• Kyodo


The government has been expanding a program to win over public opinion in the United States on Japan’s foreign policy related to defense and the disputes with China and South Korea over territory and wartime history.

The program is aimed at encouraging more Americans to back Japan in the war of words with its neighbors. A pillar of the strategy is presenting Japan’s policies through events organized by U.S. think tanks that are influential in policymaking and forming public opinion.

“I found American people’s understanding of Japan is still insufficient,” scholar Yuichi Hosoya said after taking part as a panelist in one such symposium on bilateral relations in November in Washington. “There must be more opportunities like this.”

A change in Japan’s defense policy and concern about growing nationalism under Prime Minister Shinzo Abe, widely viewed as a hawk, were among the key topics discussed in the event at the Carnegie Endowment for International Peace.

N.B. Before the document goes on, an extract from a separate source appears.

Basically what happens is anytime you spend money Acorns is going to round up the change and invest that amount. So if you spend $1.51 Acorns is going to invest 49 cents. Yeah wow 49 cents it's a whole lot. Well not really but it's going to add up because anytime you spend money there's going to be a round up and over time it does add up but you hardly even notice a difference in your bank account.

Hosoya, a law professor at Keio University and member of Abe’s panel reviewing the legal basis for national security, struggled to explain what Japan is trying to do under the administration’s motto of “proactive contribution to global peace,” which is often described as unclear.

Matake Kamiya, another panelist who is a professor at the National Defense Academy, downplayed concern about the potential rise of extreme nationalism in Japan.

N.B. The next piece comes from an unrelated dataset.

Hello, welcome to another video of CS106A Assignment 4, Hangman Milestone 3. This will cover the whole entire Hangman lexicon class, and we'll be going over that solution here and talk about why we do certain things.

Kamiya told the audience of around 200 that the Japanese public is “more level-headed” than thought when it comes to the country’s Asian neighbors.

Osaka Mayor Toru Hashimoto’s Nippon Ishin no Kai (Japan Restoration Party) suffered a dramatic loss of public support after he made questionable remarks about Japan’s colonial rule of the Korean Peninsula, Kamiya said.

The Cabinet Public Relations Office secured ¥850 million for policy PR projects abroad during the current fiscal year and is seeking significantly more next year.

The Abe administration set up a special team last summer to handle public relations overseas and chose U.S. policymakers and those close to them as its first target.

The efforts reflect a sense of crisis among Japanese officials who have seen active policy promotion in the United States by China and South Korea, in contrast with the 1980s and 1990s, when Japan had a strong voice representing Asia.

In 2007, during Abe’s previous stint as prime minister, Korean-Americans successfully lobbied the U.S. House of Representatives to adopt a resolution demanding the Japanese government apologize for sexual servitude on the Korean Peninsula before and during World War II.

Chinese and South Korean groups have bought advertising space in The New York Times and The Washington Post in the last couple of years, pressing each country’s case on their territorial disputes with Japan.

Beijing put forward its claims to the Japanese-administered Senkaku Islands in the East China Sea, while Seoul defended its control of the rocky islets in the Sea of Japan called Takeshima in Japan and Dokdo in South Korea.

The Abe administration plans to air more programs promoting the country’s stance on foreign television channels and is considering asking past participants in the government-backed Japan Exchange and Teaching Program to help.

James Schoff, an expert on Japan-U.S. relations at the Carnegie Endowment, told Kyodo News that the Japanese government needs not only to pitch its positions to U.S. policymakers but to “reach out to different age groups and different circles of people.”

Schoff also said the Japanese government should be prepared to “play the long game,” meaning such efforts must be sustained.